Accesibilidad e innovación en técnicas de lectura

Coincidiendo con un proyecto que tengo en mente desde hace bastante tiempo, no es la primera vez que me encuentro con técnicas que aseguran aumentar la velocidad de lectura sin perder el entendimiento.

Spritz

En estos días, y supongo que después de la digestión de un MWC, parece que hay una oleada de entradas sobre el spritzing, el término acuñado por los creadores de Spritz (EN), una herramienta que en principio vendrá acompañada de los smartwatches y terminales top de Samsung.

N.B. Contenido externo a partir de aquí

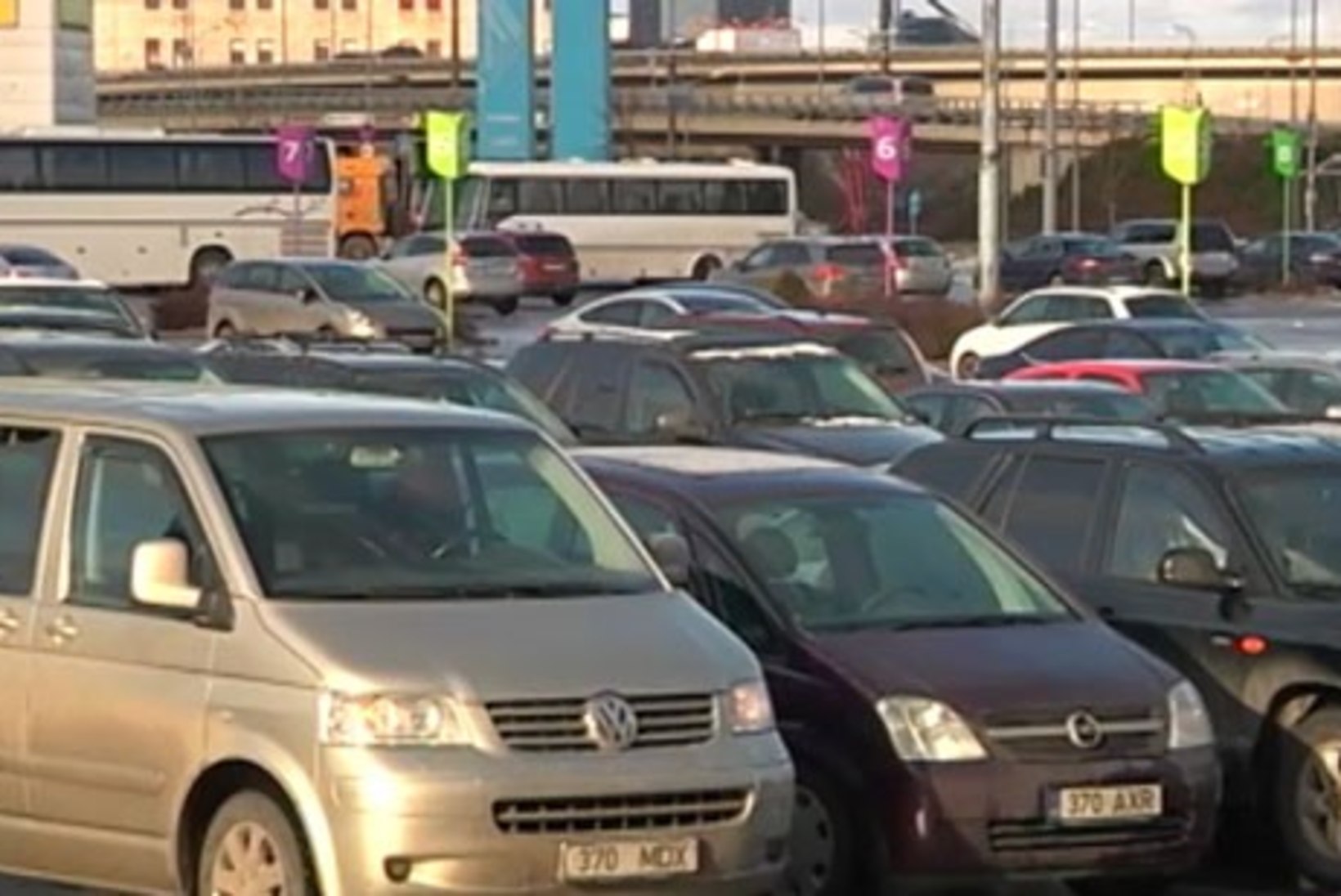 TV3 VIDEO | Maanteeamet ja eraparklad vaidlevad, kas eraparklad peaksid saama ligipääsu isikuandmete registrile 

En sí la idea no es nueva (tenéis para muestra Velocity (EN) de iOS, o Speed Reader (EN) de Android). El sistema recoge el texto, y lo lanza directamente al usuario palabra por palabra, en un fondo negro con tipografía blanca y nítida (por defecto), y con uno de los caracteres internos centrados en el eje del marco, en color rojo, según un conjunto de reglas de elección de ORP (punto de reconocimiento óptimo). El resultado lo podéis probar con el texto de este mismo artículo en el siguiente enlace (versión de código abierto enfocada a la web).

La técnica intenta reducir al máximo ese tiempo que pasamos moviendo los ojos de palabra en palabra (se calcula que un 80% del tiempo), bombardeándonos con la información, y sin tener que buscarla nosotros. Se une por tanto a otros métodos de agilidad lectora como el skimming (leer solo algunas palabras) y el no vocalizar mientras se lee (tendemos a decir para nosotros lo que leemos, lo que nos pone freno a la velocidad de lectura).

Spritz está en negociaciones también con otros fabricantes, y es posible que de aquí a un futuro próximo lo veamos en más de un sitio. Además, cuenta con un SDK y APIs en JS, Android e iOS, por lo que la compatibilidad está asegurada.

Frente al proyecto, nace otro, en código Open Source, llamado OpenSpritz (EN), y que por ahora funciona únicamente en entornos web. También hay un proyecto en GitHub llamado OpenSpritz-Android (EN), y por lo que veo dirigido a la lectura de epubs.

Respecto a su uso e implantación, tengo sentimientos contradictorios. Por un lado, le veo bastante futuro en gadgets donde bien sea por dimensión, bien sea por logística, parece ser la única manera de leer cómodamente. El mejor ejemplo sin duda son las pulseras y los smartwatches, aunque también apuntan a usos específicos de Google Glass (y digo específicos, porque leer textos largos con las glasses se me antoja un poco… molesto).

Pero por otro, no acabo de ver su uso masificado, en especial en entornos que se prestan bastante a los saltos de párrafo, la vuelta a la lectura anterior, el marcado y anotaciones,… En general, soy bastante escéptico para textos donde la información sea densa, o formatos acompañados de hipertextos, imágenes o vídeos. También descartaría la mayoría de libros, ya que al menos para un servidor, la experiencia de enfrentarse a una lectura de placer rivaliza con este bombardeo informativo.

Pero sí le veo futuro para una lectura rápida de artículos, o quizás de títulos de noticias, así como implantado en sistemas de mensajería y demás contenido escrito voluble.